======== Source records
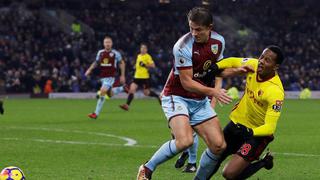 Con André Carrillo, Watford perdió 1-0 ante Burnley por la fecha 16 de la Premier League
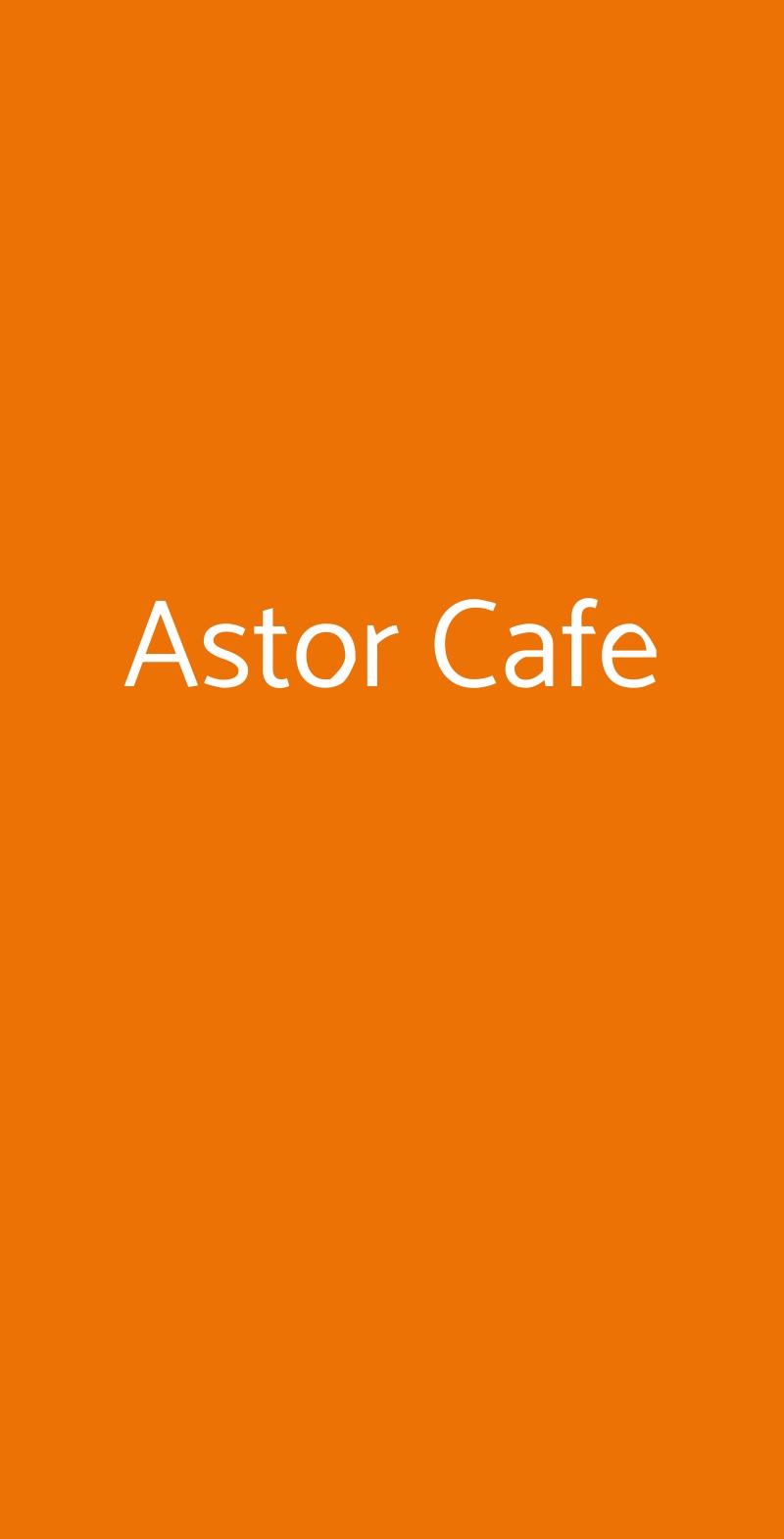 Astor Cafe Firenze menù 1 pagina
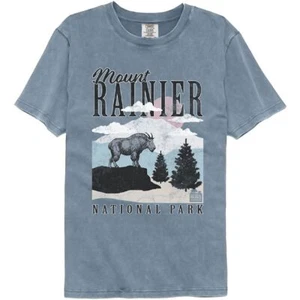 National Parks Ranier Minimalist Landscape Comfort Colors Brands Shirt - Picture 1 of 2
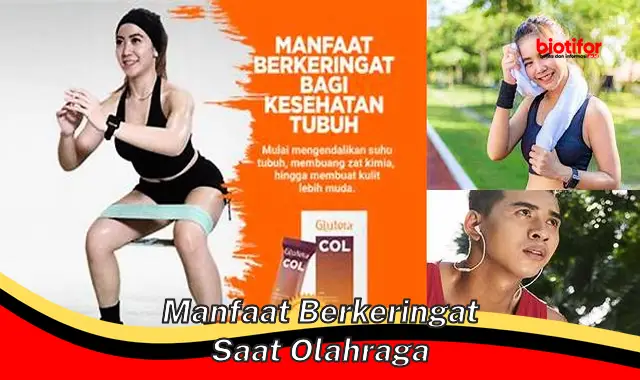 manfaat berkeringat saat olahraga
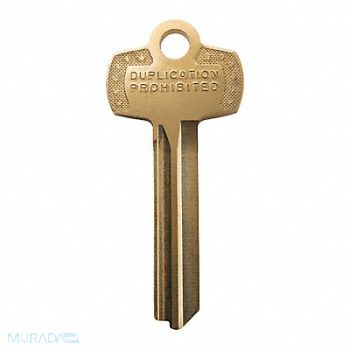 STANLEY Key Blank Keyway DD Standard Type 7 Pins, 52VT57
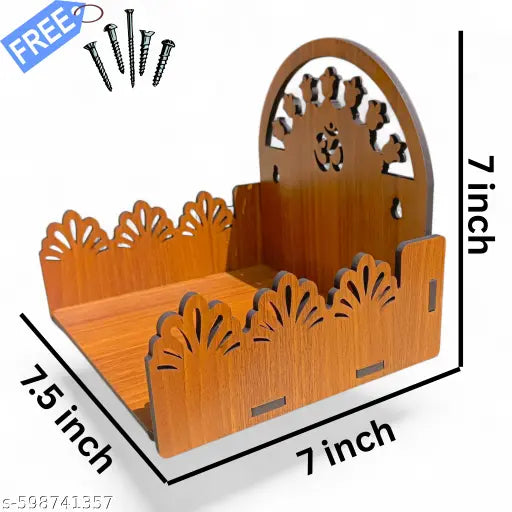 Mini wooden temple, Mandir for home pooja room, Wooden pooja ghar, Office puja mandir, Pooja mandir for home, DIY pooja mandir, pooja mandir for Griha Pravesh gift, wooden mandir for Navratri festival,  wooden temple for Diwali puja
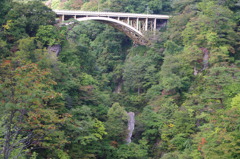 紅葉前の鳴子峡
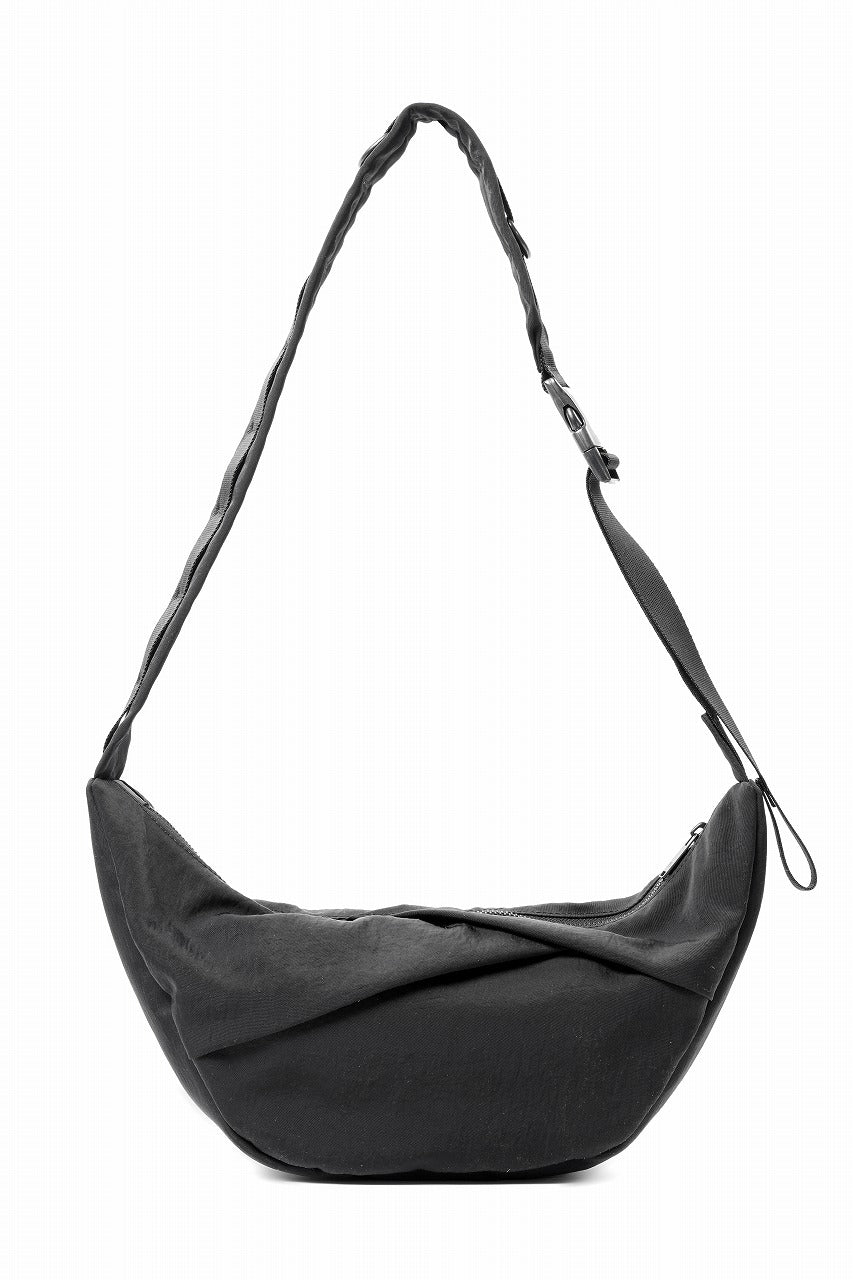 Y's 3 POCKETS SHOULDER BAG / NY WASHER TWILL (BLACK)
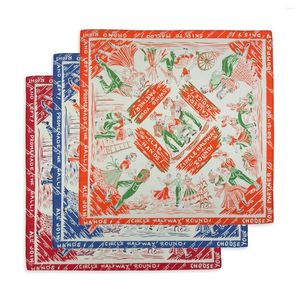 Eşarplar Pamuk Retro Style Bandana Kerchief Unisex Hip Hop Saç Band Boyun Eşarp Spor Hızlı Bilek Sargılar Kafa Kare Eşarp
================
How would the lines above read from the one with "National Parks Ranier" to the one with "STANLEY Key Blank", inclusive, with no pictures? Write them out exactly.

** The completed task **
 National Parks Ranier Minimalist Landscape Comfort Colors Brands Shirt - Picture 1 of 2
 manfaat berkeringat saat olahraga
 STANLEY Key Blank Keyway DD Standard Type 7 Pins, 52VT57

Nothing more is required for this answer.